El cuento fantástico reúne lo mejor del imaginario cuentístico. Los cuentos de Aldecoa nos parecen a veces importunos, pero eso no ocurre con los cuentos de Poe, con los de Wells, con los de Henry James, con los de Hoffmann, con los de Arthur Machen, con los de Algernon Blackwood, con los de M. R. James, o con los de Ítalo Calvino o los de Washington Irvin o los de Bécquer y, muy centralmente, con los cuentos de Kafka, Borges, Cortázar y Papini, ya que de la mano de ellos sobrevivimos con cierto deleite la tragedia de la inseguridad cotidiana, de la precariedad contemporánea. La ciencia ha bombardeado a tal punto esta época que ya no podemos estar seguros de absolutamente nada. El miedo del XIX hacia el fantasma encadenado que profiere lamentos eternos ha cambiado por el miedo a la variación cotidiana, como el que nos proporciona sabernos múltiples en universos múltiples, o el de la inexactitud de la visión de las cosas, el saber que sólo conocemos impresiones de los objetos, pero nunca al objeto en sí. Sabemos que pertenecemos a unas reglas con excepciones, quizá con demasiadas e importantes excepciones, que más que comprometer nuestras vidas, comprometen nuestras ideas y hasta nuestros ideales.
Si la literatura es viaje y el cuento comporta el viaje más corto, el cuento fantástico, increíblemente, copa el viaje más lejano en el tiempo más breve.

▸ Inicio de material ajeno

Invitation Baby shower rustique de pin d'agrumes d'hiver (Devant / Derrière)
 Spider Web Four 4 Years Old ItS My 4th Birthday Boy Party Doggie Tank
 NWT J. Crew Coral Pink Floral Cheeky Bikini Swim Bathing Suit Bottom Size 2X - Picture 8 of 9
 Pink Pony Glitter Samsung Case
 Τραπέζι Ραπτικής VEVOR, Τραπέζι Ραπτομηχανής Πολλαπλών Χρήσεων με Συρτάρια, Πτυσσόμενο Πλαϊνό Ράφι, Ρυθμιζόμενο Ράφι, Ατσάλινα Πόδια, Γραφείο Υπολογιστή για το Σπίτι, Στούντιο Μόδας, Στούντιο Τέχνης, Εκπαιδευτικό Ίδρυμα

Gran ejemplo, literal y literario, es La máquina del tiempo, cuento largo que nos habla de lo que podría pasarle a la humanidad, en plan distópico, revelando la mayor distopía: la ausencia de la humanidad. Y, como el protagonista, en los pasajes finales, la sola visión –onírica o real (¡qué más da que sea real!)– genera tal dolor que es imposible decirnos: «Del hombre no quedará nada. Somos de la misma sustancia que compone el polvo del Universo caprichoso; somos un breve sueño Del de más allá». Es penoso, pero también es fantástico. La ciega regla del hombre que vive –porque simplemente VIVE– es que perdurará, que mejorará, que evolucionará; pero la excepción real a ese pensamiento futuro que esperanza es, digámoslo todos con tristeza, la etérea estancia del hombre en la reglada Tierra. Y así, para volvernos a la vida presente que nos corresponde, nuestro amable Viajero del Tiempo, que hablaba y hablaba de lo que pasaba allá, lejanamente en el futuro –futuro en la mente siempre más lejano–, de las cosas terribles que a veces sentía en su soledad humana, ese viajero, debemos saberlo, no volverá jamás y en ese «no volverá jamás» se guarda y se perfecciona el hermoso efecto del cuento fantástico que Wells tan bien concitaba.